JAKARTA, EKOIN.CO – Harga beras kembali menjadi sorotan setelah lonjakan signifikan Rp5.000 per kilogram terjadi di tengah stok nasional yang justru melimpah. Pengamat pangan menilai situasi ini sebagai bentuk manipulasi pasar oleh produsen besar yang mengorbankan konsumen demi keuntungan pribadi. Ikuti berita lain di WA Channel EKOIN.
Koordinator Aliansi Masyarakat Penyelamat Pertanian Indonesia (AMPPI), Debi Syahputra, menyebut praktik tersebut sebagai penipuan publik. “Ini penipuan terhadap konsumen sebesar Rp5.000/kg. Bisa dibayangkan, jika yang dijual 2 juta ton, kerugian konsumen mencapai Rp10 triliun,” ujarnya, Jumat (15/8/2025).

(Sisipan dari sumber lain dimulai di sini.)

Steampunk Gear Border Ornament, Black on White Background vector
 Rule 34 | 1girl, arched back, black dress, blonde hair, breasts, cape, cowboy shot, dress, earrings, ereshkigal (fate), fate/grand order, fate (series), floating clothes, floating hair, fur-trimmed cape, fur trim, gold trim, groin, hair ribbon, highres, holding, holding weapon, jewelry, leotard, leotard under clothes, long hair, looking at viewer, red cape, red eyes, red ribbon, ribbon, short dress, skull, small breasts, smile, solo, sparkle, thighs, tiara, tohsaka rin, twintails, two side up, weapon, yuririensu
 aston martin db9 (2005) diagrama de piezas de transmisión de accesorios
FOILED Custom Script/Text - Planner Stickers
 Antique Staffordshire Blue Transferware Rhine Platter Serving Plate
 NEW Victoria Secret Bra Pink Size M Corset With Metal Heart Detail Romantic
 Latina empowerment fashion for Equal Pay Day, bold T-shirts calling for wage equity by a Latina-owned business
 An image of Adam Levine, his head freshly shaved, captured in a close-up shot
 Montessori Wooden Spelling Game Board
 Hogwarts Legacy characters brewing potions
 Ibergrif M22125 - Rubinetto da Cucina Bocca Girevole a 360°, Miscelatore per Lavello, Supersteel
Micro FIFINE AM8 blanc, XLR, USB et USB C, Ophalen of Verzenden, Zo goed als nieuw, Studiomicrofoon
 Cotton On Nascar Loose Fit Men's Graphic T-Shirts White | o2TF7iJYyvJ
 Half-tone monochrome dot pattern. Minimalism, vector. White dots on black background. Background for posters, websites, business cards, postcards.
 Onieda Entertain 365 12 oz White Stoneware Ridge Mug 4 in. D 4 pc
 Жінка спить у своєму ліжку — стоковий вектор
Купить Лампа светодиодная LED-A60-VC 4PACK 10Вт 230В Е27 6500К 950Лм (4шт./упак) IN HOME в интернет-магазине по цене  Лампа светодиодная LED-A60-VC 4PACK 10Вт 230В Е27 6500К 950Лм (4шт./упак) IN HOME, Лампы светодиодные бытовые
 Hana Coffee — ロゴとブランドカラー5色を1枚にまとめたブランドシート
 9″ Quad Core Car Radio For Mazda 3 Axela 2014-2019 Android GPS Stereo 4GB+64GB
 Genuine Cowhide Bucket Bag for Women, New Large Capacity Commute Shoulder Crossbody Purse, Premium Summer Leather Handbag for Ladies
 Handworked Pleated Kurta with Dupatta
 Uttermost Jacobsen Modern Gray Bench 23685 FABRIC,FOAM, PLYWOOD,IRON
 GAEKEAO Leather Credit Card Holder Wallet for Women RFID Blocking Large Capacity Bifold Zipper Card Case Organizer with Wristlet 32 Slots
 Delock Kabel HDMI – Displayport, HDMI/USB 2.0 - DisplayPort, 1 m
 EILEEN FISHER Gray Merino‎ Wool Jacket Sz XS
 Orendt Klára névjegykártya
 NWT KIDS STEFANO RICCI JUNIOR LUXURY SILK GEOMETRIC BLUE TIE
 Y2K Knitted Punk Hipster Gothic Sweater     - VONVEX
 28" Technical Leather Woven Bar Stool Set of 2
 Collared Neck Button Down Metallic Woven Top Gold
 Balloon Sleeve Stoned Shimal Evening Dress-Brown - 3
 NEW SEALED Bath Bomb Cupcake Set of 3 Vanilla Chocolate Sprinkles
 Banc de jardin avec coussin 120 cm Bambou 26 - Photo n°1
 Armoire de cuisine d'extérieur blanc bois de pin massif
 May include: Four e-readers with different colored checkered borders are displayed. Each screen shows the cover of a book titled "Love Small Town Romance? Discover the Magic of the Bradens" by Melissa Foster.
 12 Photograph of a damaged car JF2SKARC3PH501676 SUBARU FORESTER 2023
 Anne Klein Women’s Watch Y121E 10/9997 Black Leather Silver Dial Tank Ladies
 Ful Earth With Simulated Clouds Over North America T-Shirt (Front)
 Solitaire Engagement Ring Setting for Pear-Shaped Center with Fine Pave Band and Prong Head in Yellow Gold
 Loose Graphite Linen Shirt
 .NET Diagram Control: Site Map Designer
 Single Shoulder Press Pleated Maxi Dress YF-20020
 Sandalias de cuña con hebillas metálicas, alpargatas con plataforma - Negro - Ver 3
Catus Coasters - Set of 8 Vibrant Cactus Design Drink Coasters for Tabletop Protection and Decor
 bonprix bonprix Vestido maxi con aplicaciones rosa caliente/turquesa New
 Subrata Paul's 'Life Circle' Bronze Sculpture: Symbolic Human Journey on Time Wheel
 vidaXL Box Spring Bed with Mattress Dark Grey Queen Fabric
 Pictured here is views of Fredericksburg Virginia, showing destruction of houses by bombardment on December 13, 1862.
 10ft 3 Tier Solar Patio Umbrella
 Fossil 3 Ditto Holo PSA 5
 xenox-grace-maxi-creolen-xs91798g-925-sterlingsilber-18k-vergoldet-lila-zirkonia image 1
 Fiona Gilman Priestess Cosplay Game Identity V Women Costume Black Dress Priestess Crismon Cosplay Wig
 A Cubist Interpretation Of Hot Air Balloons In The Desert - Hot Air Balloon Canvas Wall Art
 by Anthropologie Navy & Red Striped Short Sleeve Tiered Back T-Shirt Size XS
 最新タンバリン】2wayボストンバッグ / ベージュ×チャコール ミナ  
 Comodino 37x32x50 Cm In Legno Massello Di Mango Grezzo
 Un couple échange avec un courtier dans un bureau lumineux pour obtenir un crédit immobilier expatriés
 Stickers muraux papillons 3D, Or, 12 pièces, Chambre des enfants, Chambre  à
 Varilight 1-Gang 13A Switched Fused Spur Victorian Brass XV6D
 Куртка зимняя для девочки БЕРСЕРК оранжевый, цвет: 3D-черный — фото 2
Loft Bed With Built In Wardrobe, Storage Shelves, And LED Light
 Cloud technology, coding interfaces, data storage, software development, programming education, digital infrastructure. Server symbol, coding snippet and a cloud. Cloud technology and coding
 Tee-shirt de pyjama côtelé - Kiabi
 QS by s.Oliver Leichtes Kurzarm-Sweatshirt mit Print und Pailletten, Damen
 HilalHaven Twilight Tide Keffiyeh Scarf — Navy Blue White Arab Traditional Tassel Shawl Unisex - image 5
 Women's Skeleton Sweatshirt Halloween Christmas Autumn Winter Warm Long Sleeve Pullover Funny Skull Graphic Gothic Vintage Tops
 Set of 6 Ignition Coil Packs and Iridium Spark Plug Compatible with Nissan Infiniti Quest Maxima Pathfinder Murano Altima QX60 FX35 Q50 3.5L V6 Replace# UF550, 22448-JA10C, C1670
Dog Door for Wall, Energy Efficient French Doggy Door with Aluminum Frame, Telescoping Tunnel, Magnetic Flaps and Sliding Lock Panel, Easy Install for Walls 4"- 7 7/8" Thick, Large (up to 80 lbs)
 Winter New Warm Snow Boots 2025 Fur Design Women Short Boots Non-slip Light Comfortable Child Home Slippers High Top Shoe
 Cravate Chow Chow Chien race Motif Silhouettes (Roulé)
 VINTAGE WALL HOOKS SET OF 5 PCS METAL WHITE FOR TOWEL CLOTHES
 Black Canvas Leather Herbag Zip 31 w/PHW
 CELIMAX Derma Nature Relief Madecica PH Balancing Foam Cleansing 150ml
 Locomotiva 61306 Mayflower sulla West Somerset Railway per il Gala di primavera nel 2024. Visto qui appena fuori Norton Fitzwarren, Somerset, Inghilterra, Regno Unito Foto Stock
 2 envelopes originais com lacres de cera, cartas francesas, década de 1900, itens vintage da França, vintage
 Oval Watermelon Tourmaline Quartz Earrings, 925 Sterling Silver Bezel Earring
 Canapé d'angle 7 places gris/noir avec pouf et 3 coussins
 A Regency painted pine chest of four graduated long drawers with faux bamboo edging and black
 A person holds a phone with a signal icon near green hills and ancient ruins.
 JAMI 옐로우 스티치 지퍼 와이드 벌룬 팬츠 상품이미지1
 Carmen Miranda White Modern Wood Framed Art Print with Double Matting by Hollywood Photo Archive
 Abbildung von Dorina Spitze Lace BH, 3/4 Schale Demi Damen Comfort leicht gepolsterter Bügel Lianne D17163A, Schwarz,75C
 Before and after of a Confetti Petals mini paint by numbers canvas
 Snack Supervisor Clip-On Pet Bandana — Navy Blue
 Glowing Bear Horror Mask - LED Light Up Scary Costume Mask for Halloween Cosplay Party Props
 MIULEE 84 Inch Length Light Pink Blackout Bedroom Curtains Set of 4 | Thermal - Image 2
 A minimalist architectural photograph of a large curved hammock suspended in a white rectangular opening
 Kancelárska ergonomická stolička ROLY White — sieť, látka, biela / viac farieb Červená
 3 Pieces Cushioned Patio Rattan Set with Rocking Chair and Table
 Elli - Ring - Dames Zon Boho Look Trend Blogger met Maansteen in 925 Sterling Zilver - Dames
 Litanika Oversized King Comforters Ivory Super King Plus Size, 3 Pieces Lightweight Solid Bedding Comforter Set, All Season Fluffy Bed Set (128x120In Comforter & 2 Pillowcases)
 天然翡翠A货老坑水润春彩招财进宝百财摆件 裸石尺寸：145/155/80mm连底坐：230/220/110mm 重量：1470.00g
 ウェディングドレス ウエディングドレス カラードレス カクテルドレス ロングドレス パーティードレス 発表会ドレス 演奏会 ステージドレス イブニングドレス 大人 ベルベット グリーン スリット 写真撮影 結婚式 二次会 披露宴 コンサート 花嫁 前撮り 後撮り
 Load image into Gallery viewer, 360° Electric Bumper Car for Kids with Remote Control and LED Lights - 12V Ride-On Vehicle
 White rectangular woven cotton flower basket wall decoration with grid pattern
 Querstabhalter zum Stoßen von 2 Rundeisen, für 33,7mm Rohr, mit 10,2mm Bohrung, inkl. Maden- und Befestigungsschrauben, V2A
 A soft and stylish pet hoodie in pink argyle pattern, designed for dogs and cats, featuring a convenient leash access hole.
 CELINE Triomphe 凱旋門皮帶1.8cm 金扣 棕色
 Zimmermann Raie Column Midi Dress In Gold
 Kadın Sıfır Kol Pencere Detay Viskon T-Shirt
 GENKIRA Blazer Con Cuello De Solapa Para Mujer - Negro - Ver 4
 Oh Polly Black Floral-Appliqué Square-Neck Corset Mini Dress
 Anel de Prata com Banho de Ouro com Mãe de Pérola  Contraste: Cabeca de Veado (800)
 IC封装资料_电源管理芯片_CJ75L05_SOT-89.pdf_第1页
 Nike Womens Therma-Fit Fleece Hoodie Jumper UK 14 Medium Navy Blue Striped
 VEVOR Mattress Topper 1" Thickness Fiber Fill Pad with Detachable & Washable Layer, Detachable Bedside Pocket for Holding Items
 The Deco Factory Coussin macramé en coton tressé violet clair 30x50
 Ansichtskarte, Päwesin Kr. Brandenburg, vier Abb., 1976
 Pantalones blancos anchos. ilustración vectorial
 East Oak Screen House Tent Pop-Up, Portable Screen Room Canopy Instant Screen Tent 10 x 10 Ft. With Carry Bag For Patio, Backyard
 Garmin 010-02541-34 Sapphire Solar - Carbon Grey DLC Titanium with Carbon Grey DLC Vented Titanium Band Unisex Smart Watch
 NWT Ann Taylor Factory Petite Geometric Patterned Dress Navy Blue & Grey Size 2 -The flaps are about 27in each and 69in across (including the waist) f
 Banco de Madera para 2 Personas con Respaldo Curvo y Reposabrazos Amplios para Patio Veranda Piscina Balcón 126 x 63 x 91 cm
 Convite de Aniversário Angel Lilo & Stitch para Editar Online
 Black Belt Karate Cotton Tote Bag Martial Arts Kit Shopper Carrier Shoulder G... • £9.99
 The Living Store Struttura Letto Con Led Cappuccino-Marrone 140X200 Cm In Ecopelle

Harga beras kini dipatok Rp17.000/kg, meskipun kualitasnya rendah dengan kadar beras patah mencapai 30–59 persen. Padahal, dengan kualitas tersebut, seharusnya harga hanya sekitar Rp12.000/kg.
Mafia Beras dan Manipulasi Pasar
Debi menegaskan, kondisi ini tidak ada kaitannya dengan stok maupun produksi. “Ini murni ulah mafia pangan yang menahan pasokan dan mengatur pasar demi keuntungan pribadi. Dasar mafia!” tegasnya.
Ia juga menyoroti dukungan bagi produsen besar yang semakin gencar bersuara melalui media sosial, podcast, hingga forum publik. Mereka menuding adanya beras oplosan, menyalahkan harga pokok pembelian (HPP) gabah yang dianggap terlalu tinggi, serta menuduh Bulog menyerap terlalu banyak gabah.
“Faktanya, Bulog hanya menyerap 8 persen sementara swasta 92 persen. Inilah pendukung mafia yang menyerang balik karena gagal meraih keuntungan sebesar-besarnya,” katanya.
Debi juga membantah klaim sejumlah pihak bahwa pangsa pasar beras premium hanya 5 persen. Data Badan Pusat Statistik (BPS) justru menunjukkan porsinya mencapai 39,75 persen.
Tekanan terhadap Petani dan Penggilingan Kecil
Temuan Kementerian Pertanian memperlihatkan bahwa beras yang dijual tersebut sebenarnya layak disebut beras biasa, mengingat kadar patahnya jauh di atas standar maksimal 15 persen.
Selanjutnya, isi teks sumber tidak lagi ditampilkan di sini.